A man holds a placard reading “I am Charlie” during a gathering at the Old Harbor in Marseille on January 7, 2015, following an attack by unknown gunmen on the offices of the satirical weekly, Charlie Hebdo.

A Paris court on Thursday sentenced a Pakistani man to 30 years in jail for attempting to murder two people outside the former offices of Charlie Hebdo in 2020 with a meat cleaver.

When he carried out the attack, 29-year-old Zaheer Mahmood wrongly believed the satirical newspaper was still based in the building, which was targeted by Islamists a decade ago for publishing cartoons of the Prophet Muhammad.

The newspaper had in fact moved in the wake of the attack, which killed 12 people including eight of the paper’s editorial staff.
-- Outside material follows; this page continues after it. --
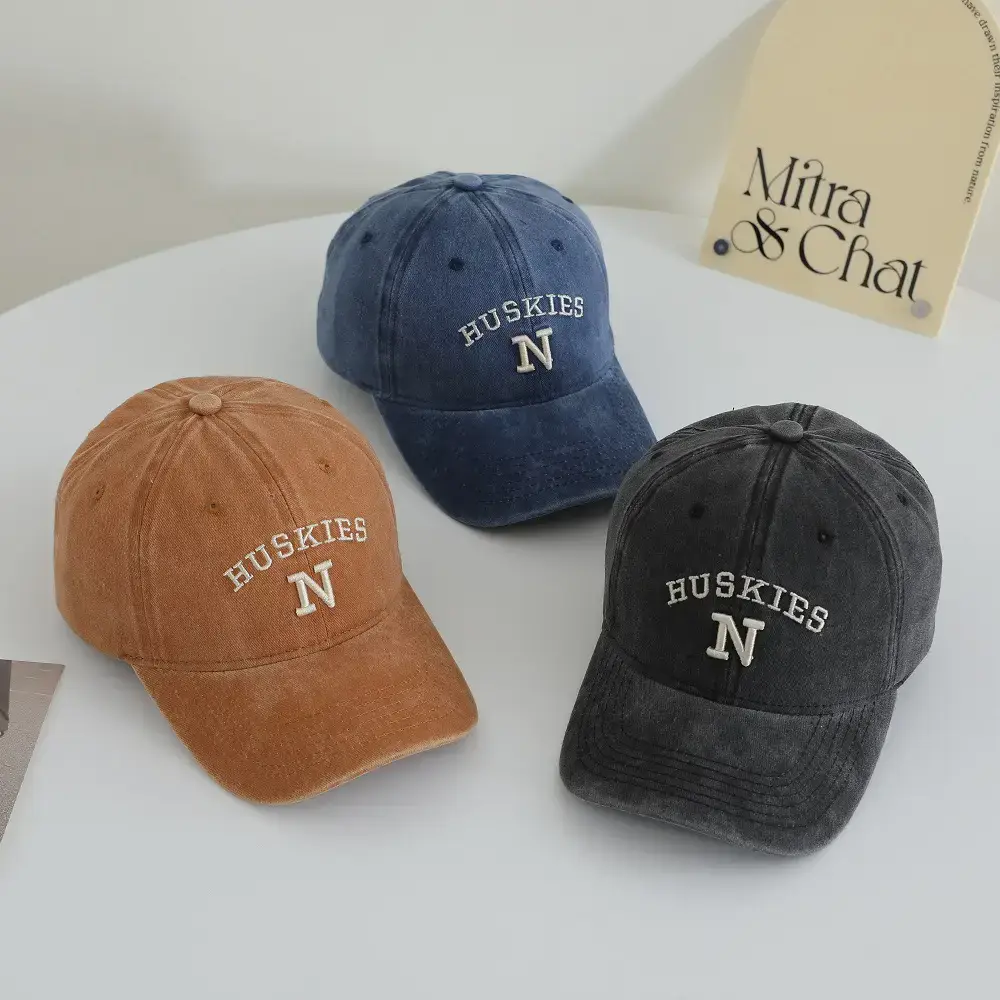 3D N Letter Baseball Cap Brown Unisex Korean Style - Image 8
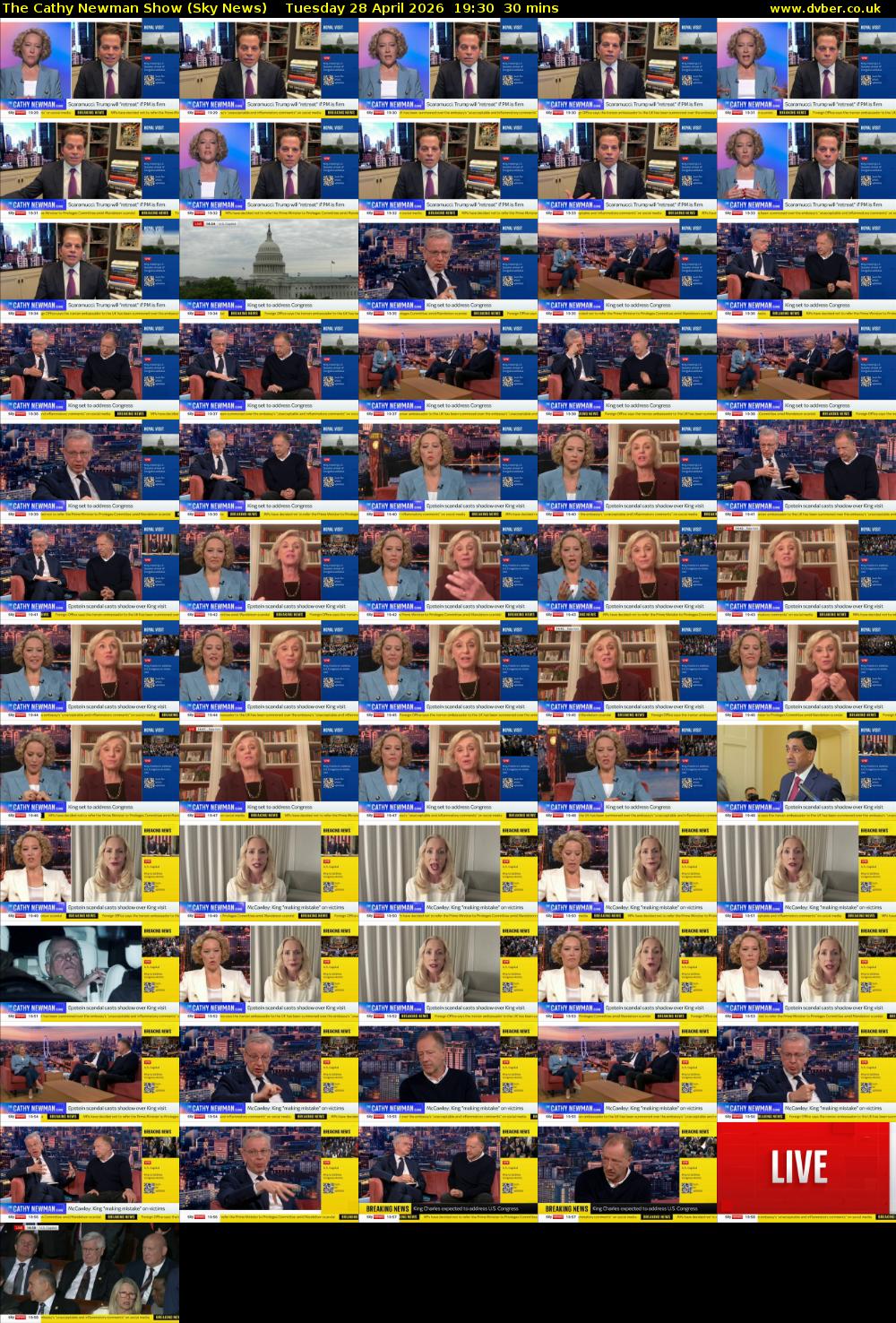 The Cathy Newman Show (Sky News) Tuesday 28 April 2026 19:30 - 20:00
The killings in 2015 shocked France and triggered a fierce debate about freedom of expression and religion.

Originally from rural Pakistan, Mahmood arrived in France illegally in the summer of 2019. The court had earlier heard how Mahmood was influenced by radical Pakistani preacher Khadim Hussain Rizvi, who had called for the beheading of blasphemers to “avenge the Prophet.”

Mahmood was convicted of attempted murder and terrorist conspiracy, and handed a ban from ever setting foot on French soil again.